So where did this portable finger food that’s now known worldwide as the most popular lunch item originate? The sandwich has a relatively recent history, at least as far as food is concerned.
Before the name took hold, meats hung from the rafters in taverns and were cut in thin slices that were placed on slices of bread that were smeared with butter. Yet this 17th century bar food never really seems to have conjured a name.
The sandwich was named after John Montague, the fourth Earl of Sandwich, during the 18th century. The earl was a statesman who loved to play cribbage. He ordered his valet to bring him sliced meat tucked between two slices of bread, which allowed him to eat while he continued to play his game without having to use a fork or getting grease on his bare hands. Soon after, people began to order “the same as sandwich,” and a lunchtime classic was born.
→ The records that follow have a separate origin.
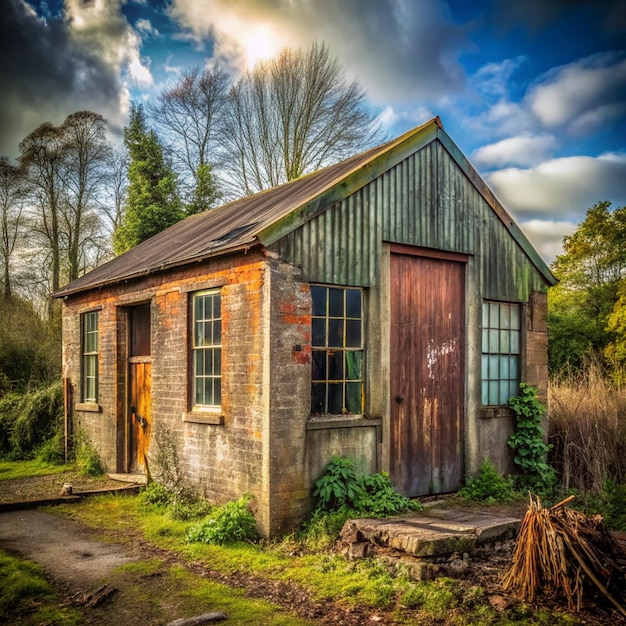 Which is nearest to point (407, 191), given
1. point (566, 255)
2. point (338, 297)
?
point (338, 297)

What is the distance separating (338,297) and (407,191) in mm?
2229

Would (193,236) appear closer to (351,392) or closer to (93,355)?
(93,355)

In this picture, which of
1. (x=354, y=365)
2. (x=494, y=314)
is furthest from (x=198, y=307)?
(x=494, y=314)

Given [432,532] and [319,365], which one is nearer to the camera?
[432,532]

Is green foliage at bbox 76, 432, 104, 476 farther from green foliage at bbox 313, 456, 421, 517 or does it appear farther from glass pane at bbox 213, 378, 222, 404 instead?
green foliage at bbox 313, 456, 421, 517

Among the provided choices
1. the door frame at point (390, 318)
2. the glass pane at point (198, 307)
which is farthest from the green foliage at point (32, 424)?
the door frame at point (390, 318)

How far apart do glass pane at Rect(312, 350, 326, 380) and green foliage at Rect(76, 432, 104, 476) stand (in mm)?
6612

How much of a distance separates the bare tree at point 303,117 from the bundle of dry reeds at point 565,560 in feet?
70.6

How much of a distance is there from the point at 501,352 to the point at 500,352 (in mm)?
28

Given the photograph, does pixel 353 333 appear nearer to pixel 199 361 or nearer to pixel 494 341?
pixel 199 361

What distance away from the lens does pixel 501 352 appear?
11.2 m

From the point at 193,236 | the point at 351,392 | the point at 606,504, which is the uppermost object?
the point at 193,236

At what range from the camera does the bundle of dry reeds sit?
555 cm

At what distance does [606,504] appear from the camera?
30.7ft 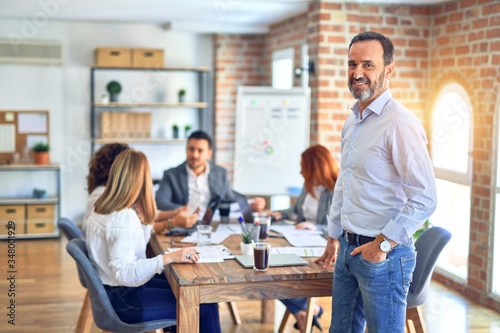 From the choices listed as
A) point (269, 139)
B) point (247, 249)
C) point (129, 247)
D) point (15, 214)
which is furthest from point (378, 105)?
point (15, 214)

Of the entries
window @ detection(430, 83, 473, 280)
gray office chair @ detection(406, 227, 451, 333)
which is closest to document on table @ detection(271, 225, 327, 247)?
gray office chair @ detection(406, 227, 451, 333)

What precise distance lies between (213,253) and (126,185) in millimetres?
532

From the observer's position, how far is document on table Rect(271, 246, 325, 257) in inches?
132

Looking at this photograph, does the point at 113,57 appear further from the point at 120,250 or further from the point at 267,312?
the point at 120,250

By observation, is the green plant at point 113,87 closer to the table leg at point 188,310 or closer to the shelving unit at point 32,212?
the shelving unit at point 32,212

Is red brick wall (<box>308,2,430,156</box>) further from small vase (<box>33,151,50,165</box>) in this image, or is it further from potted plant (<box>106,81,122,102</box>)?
small vase (<box>33,151,50,165</box>)

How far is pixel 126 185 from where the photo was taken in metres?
3.21

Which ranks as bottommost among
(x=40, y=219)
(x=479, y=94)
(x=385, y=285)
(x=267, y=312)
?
(x=267, y=312)

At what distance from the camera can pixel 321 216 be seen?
14.0 ft

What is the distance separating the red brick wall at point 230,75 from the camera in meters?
8.09

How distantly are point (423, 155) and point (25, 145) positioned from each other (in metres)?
6.17

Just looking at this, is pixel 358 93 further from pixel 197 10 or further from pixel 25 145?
pixel 25 145

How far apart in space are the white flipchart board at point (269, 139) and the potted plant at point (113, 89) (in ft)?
6.57

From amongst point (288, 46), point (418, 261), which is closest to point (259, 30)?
point (288, 46) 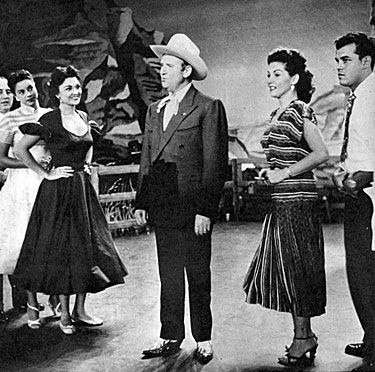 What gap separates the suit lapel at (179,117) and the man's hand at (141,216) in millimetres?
253

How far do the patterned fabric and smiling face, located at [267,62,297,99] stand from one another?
0.07 meters

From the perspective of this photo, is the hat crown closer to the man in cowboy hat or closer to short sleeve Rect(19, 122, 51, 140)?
the man in cowboy hat

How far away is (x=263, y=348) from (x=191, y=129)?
1012 millimetres

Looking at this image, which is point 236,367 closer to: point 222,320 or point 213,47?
point 222,320

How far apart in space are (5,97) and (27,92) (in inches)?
4.8

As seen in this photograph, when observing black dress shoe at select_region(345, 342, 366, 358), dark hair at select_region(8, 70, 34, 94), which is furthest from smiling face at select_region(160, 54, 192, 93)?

Slowly, sandwiches began to appear at polite socials as late-night meals among aristocrats. During the 19th century, the sandwich was perceived as a food that men ate while gaming and drinking. Its recognition increased dramatically in Spain and England as the emerging industrial society demanded the working class got fast, portable and inexpensive meals.
By the early 20th century, when bread became a staple in people’s diets, the sandwich became a popular, quick meal that was already widespread in the Mediterranean.
There are basically two types of sandwiches: savory, usually comprised of meats and cheeses, or sweet, like the trusty peanut butter and jelly. Sandwiches can be hot or cold. The sandwich’s fame as a lunch food is evidenced by the fact that it can be made quickly and packed to be taken almost anywhere.
Here are some of the most popular sandwiches across the U.S.:
• The Dagwood was named for Dagwood Bumstead, the hungry husband in the “Blondie” comic strip. It usually features heaps of cold cuts and cheeses stuffed into a hearty roll.
• The French dip features thinly sliced roast beef on a long baguette served with hot au jus.
• The hamburger, you know, is a ground beef patty usually served with vegetables and sometimes sauces on a round bun. Cheese, bacon and then all manner of condiments can be added.
• The Monte Cristo is sliced ham and either Gruyere or Emmentaler (or Emmental) cheese between slices of toast that’s battered and fried, then sprinkled with powdered sugar.
• The muffuletta originated in the Italian American community of New Orleans. It’s made with meats and cheese and olive salad and served on a round bun.
• Pastrami on rye is a classic sandwich made famous in kosher Jewish delicatessens of New York City.
• Peanut butter and jelly is a childhood standby that many adults still adore. These can be served with fresh fruit rather than jams or jellies. An elegant version is made using thick slices of French bread, almond or hazelnut butter and high-quality French or English jams topped with thick-sliced fresh fruit such as apples, pears, strawberries, raspberries, blackberries or cranberries.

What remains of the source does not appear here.